Comparo também desde já a leitura que faço da protagonista deste filme como uma personagem que à priori encarna o “véu da ignorância” de John Rawls: pode-se dizer que a protagonista (a única personagem que no filme não é invisual, logo, que vê) já saiu de si própria e não manifesta inclinações políticas, de nacionalidade, sexualidade, raça ou classes sociais. Podemos referir que a protagonista, tal como as teorias de John Rawls, pretendia a justiça, equidade e igualdade entre todas as populações presidiárias.
O filme Blindness coloca-nos inicialmente perante uma população mundial que está perto de ficar invisual, alvo de uma espécie de praga divina. De facto, esta praga (mais tarde purificada pela água da chuva) é uma consequência da cegueira interior (daí o título do filme). Esta sociedade que fica invisual espelha a nossa sociedade contemporânea que, devido à sua cegueira interior, origina diversos problemas éticos e morais presentes em várias áreas como a sua relação com a natureza, com a ciência, a justiça, a política, o consumo exagerado de bens materiais (materialismo), assim como o défice do sentido de comunidade baseado no individualismo.
A partir do momento em que a população mundial fica invisual (sem luz) todas as estruturas sociais definidas deixam de existir, ou seja, a hierarquização social pré-existente desmorona-se. Simultaneamente, a discriminação racial também desaparece, o que parece indicar que não seríamos racistas se fossemos invisuais: como não teríamos a capacidade de ver (fisicamente), não haveria distinção de cor da pele, o que provavelmente traria mais equidade e igualdade universal.
Com a hierarquização social desmoronada, também no filme os valores éticos e morais como a união, a bondade, a generosidade, a justiça, o amor, igualdade, entre outros, são postos em causa.

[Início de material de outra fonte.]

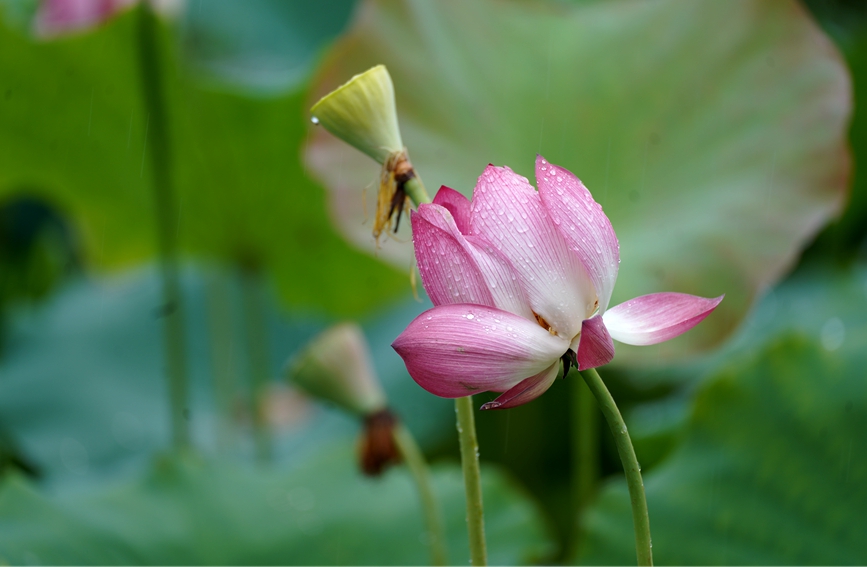 圖為勐梭龍?zhí)秲?nèi)拍攝到的荷花。巖三攝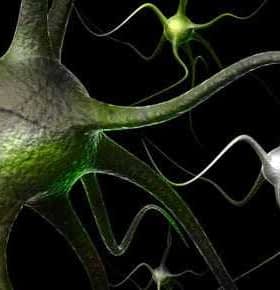 Digital illustration of neurons with various colors and shapes against a dark background. - Olive Oil Times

A maldade, assim como o egoísmo e o oportunismo existem através das personagens que querem mandar, ter o poder e sobrepor-se hierarquicamente aos outros. Isto porque historicamente as relações do ser humano sempre se basearam na hierarquização através do poder e da força (o que é sinal de cegueira).
A invisualidade de toda a população no filme apresenta-se, no fundo, como uma hipótese
(após o confronto com a sociedade desmoronada) de tentativa de construção de uma nova sociedade, mais justa e equitativa, fundamentada em novos valores morais e éticos que são baseados na não discriminação, no respeito, no amor, e sem fronteiras de idade.

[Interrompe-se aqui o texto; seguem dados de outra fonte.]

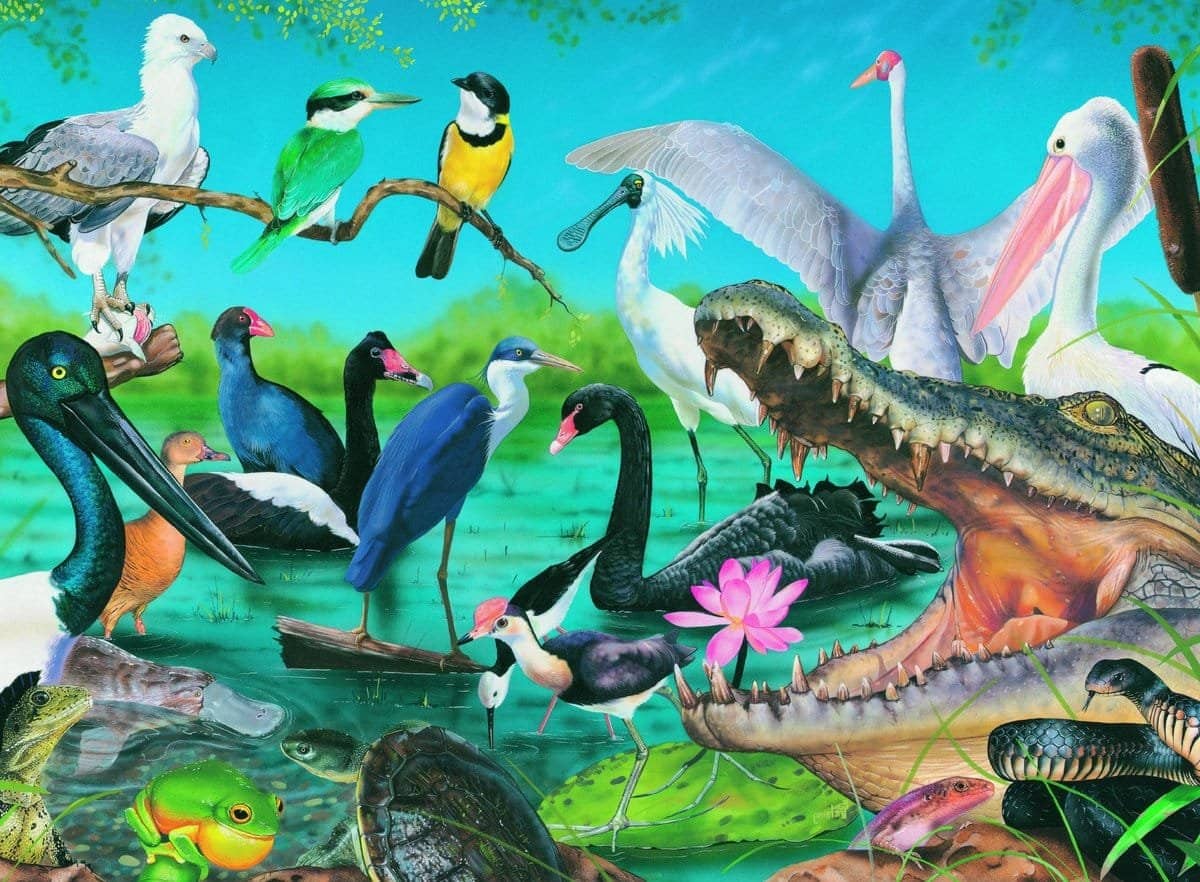 Blue Opal - Wild Australia Wetlands & Marshes Jigsaw Puzzle 150 Pieces - Image 2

No filme, a população mundial começa novamente a recuperar a visão (física) a partir do momento em que começa a ver (interiormente). Se não conseguirmos ver, logicamente que não conseguiremos entender a causa dos problemas éticos e morais, e dos seus impactos no nosso quotidiano.
O que significa, então, ver?
Ver é perceber, entender e estar esclarecido. E saber é o caminho para ver, ou seja, é alcançar o maior conhecimento que esteja ao nosso alcance, e que nos faça pensar, refletir e tornar-nos conscientes. Ao vermos, podemos, como já referimos anteriormente, gerar, por exemplo, o bem-estar coletivo. Ver, é também ver para além das aparências e do superficial, e ter sempre presente o fundamental.

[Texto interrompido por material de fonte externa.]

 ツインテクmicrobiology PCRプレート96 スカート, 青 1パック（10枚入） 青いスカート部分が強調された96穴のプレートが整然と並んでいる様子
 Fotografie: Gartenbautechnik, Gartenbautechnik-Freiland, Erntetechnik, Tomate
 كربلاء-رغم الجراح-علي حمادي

Dado que os seres humanos vêm apenas quando há a presença de luz (e a procuram tanto de noite como de dia) a palavra luz tornou-se também um símbolo de ver e esclarecimento. Ver interiormente é frequentemente associado a estar-se na luz e não na escuridão. Na língua Portuguesa, assim como em muitas outras, existem palavras que associam “ver” e “luz” como por exemplo “esclarecido”, “fez-se luz” ou ser-se “iluminado”. Existem também outras simbologias como a vela (que significa a consciência) ou a lâmpada (quando em banda desenhada uma personagem tem uma nova ideia). Esta simbologia está também presente em obras de arte, como na representação em pinturas da mitologia cristã (luz dos céus), na mitologia da Grécia com o mito de Prometeu (fogo) ou em Salvador Dali nos quadros “O Olho” ou “O Olho do Tempo”, e até em sociedades como a maçonaria, que utiliza o símbolo do olho e do sol em vários contextos.

Ver é, por isso, estar-se na luz. Mas ver é um processo difícil e que pode envolver, de certa forma - e até com algum humor – ser-se masoquista, pois implica o confronto de nos cruzarmos com os problemas para os superar. Então para que servirá este confronto?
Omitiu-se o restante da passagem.